3. Olvera Street in downtown Los Angeles is the location for the moment in The Kid in
which the truck with Jackie and Charlie in it finally stops and the driver runs off in
fear. The clear real photo postcard shows the building visible in the background of
that poignant scene and it is made more interesting because it is a postcard from
the 1920s.
4. Echo Park is a well-known location for many of the Keystone films such as Mabel’s
Married Life. Upwards of fifteen different views of the park exist, many with the
famous bridge or snack stand seen in this particular film as the center of focus.
5. The park just across Sunset Boulevard from the Beverly Hills Hotel in California is
the location for the park scene just before the tramp enters the fancy dress party in
The Idle Class. This postcard is taken from exactly the same spot at which the tramp
and another gentleman sit on a bench and the tramp is mistaken for a pickpocket.
6. At the Hotel Adlon in Berlin, Germany where Charlie Chaplin wanted to stay in 1921 but
wasn’t able until 1931, the following event occurred, as related in the book Hotel
Adlon: The Life and Death of a Great Hotel: "The news of [Chaplin’s] coming
had been spread abroad, and the pavement on Unter den Linden was covered by a
dense mass of people through which he had to fight his way from the car to the hotel
doors, shaking hands, signing albums, returning smiles and greetings and struggling
frantically not to be trodden underfoot.
7. On another leg of the 1931 European tour (no pun intended),
Chaplin tells of his adventure in San Sebastian, Spain at the
bullfights in "A Comedian Sees the World," "A most beautiful
yet revolting afternoon was spent at a bull fight in San
Sebastian... My friend, the Marquis de Sorreana, warned me
that I would probably have several bulls dedicated to me, so
I ordered four cigarette cases for the event….That afternoon
I saw a dramatic killing. Imagine a large arena, the silence of
thirty thousand people and standing in the bleak sunshine a
man and a bull facing each other, the bull in the throes of death."
Outside of these two types of material, the options are endless.

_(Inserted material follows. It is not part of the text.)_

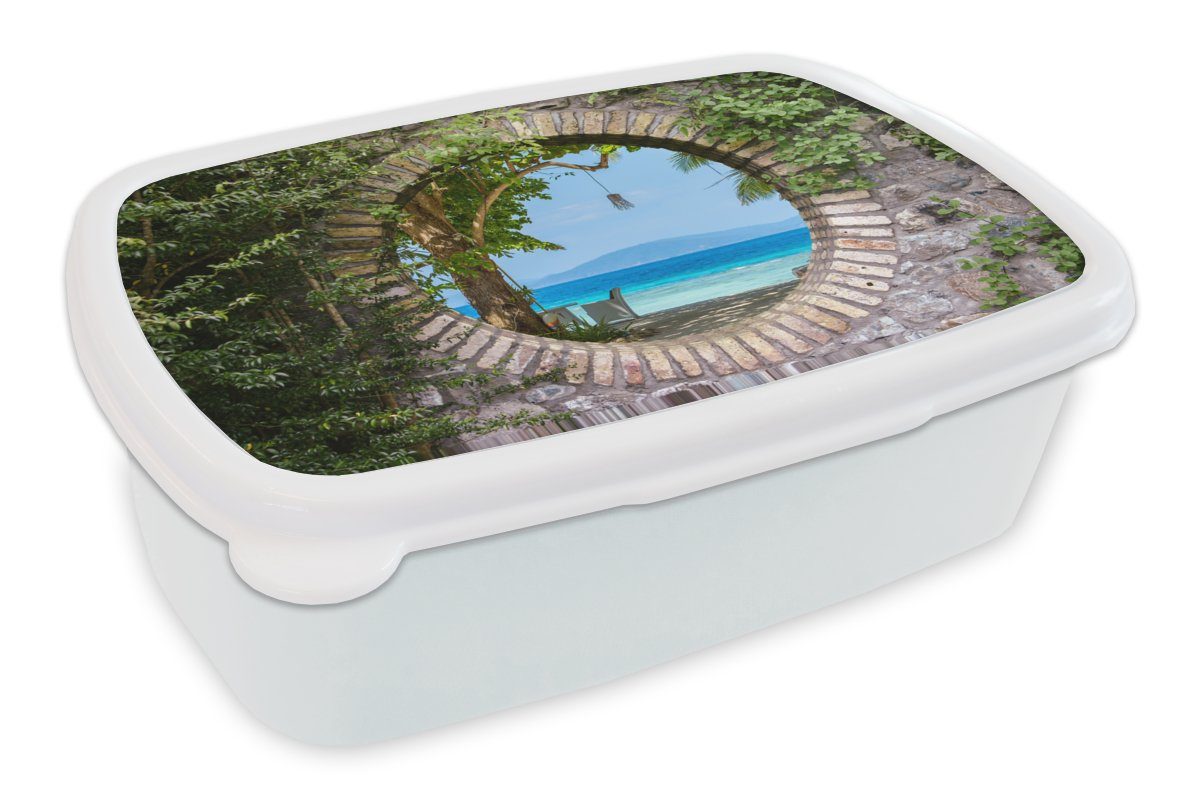 MuchoWow Lunchbox Strand - Durchsichtig - Tropisch - Strandkorb, Kunststoff, (2-tlg), Brotbox für Kinder und Erwachsene, Brotdose, für Jungs und Mädchen weiß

One might want to collect playbills from New York during periods
when Charlie was in the city, menus from restaurants contemporary
with times he might have frequented them, tourbooks and guides
from places he visited on his frequent travels, or symphony
programs—especially from the LA area. Charlie loved hearing
the symphony and even Lita mentions occasions of their attendance
at the Hollywood Bowl in her book My Life with Chaplin. What may
not be known and what I only discovered from my context collecting
is that Charlie was a supporting patron of the symphony when it
was still housed at The Auditorium in downtown LA. He relates
in MA only that "occasionally, a symphony at Clune’s Philharmonic
Auditorium" (200) was on his list of "routine pleasures" as
early as 1916. Upon my discovery of a Los Angeles Symphony
Program from 1919, I found listed inside "Mr. And Mrs. Charles
Spencer Chaplin" as such patrons. Interestingly, no other movie
personalities were listed.
Walter Benjamin, a literary critic of the Frankfurt School
that was active during the Weimar period in Germany, wrote
in his essay, "Unpacking My Library", "The most profound
enchantment for the collector is the locking of individual
items within a magic circle in which they are frozen as the
final thrill, the thrill of acquisition passes over them.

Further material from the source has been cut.